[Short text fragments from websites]
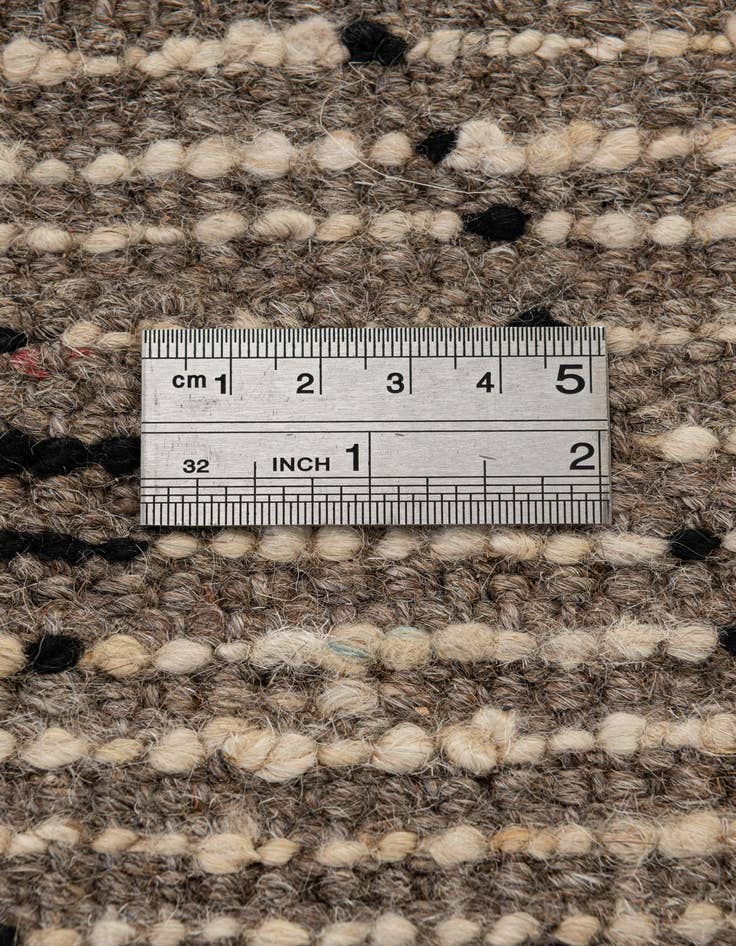 Detail image of 6' 9 x 9' 3  Hand Knotted Darya Wool Rug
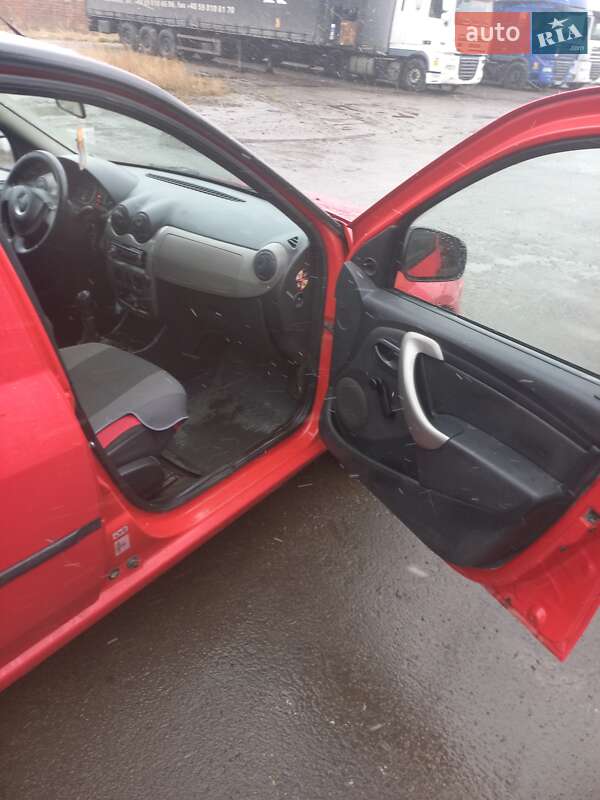 Седан Dacia Logan 2009 в Дрогобичі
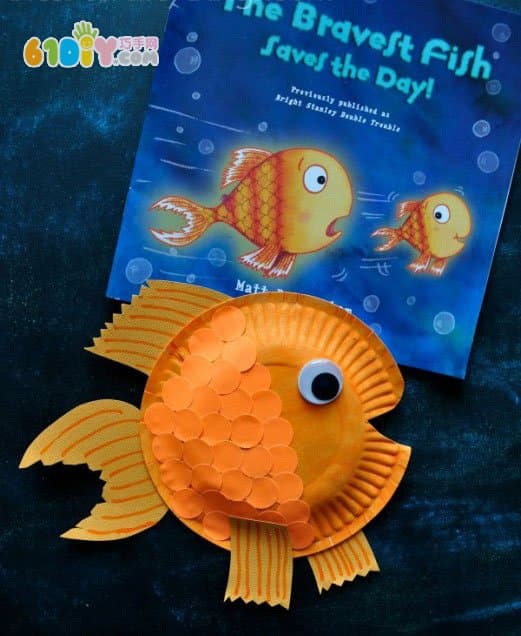 Look at the picture book to do the handmade paper plate fish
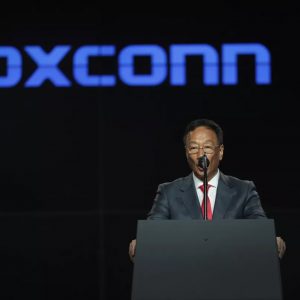 Foxconn imploră Apple să mute producția în Taiwan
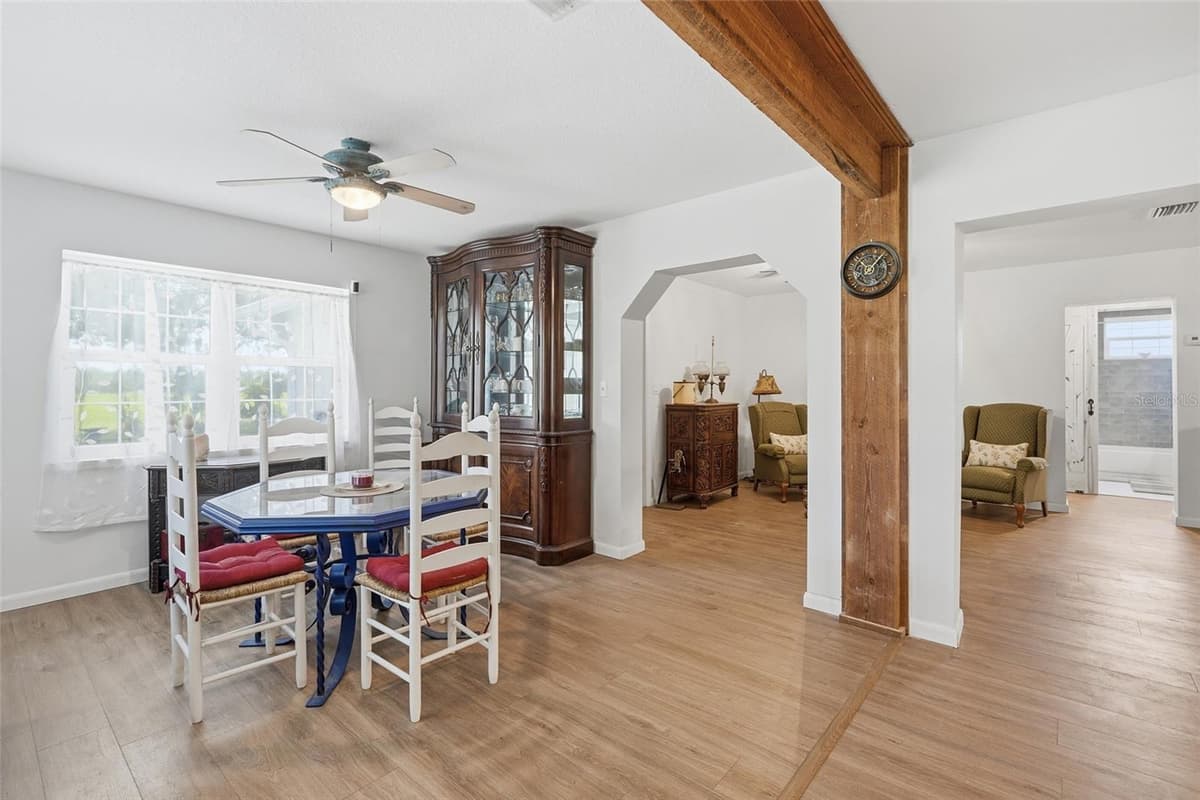 6902 JOHNSTON ROAD — photo 11 of 59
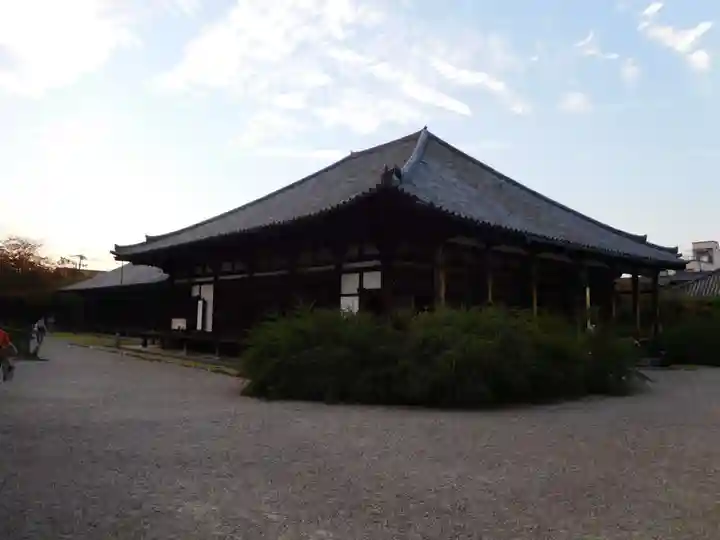 元興寺の本殿・本堂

BRIEF - Leaving the images out, return every record exactly.

RESULT FOR THIS EXERCISE -
 Detail image of 6' 9 x 9' 3  Hand Knotted Darya Wool Rug
 Седан Dacia Logan 2009 в Дрогобичі
 Look at the picture book to do the handmade paper plate fish
 Foxconn imploră Apple să mute producția în Taiwan
 6902 JOHNSTON ROAD — photo 11 of 59
 元興寺の本殿・本堂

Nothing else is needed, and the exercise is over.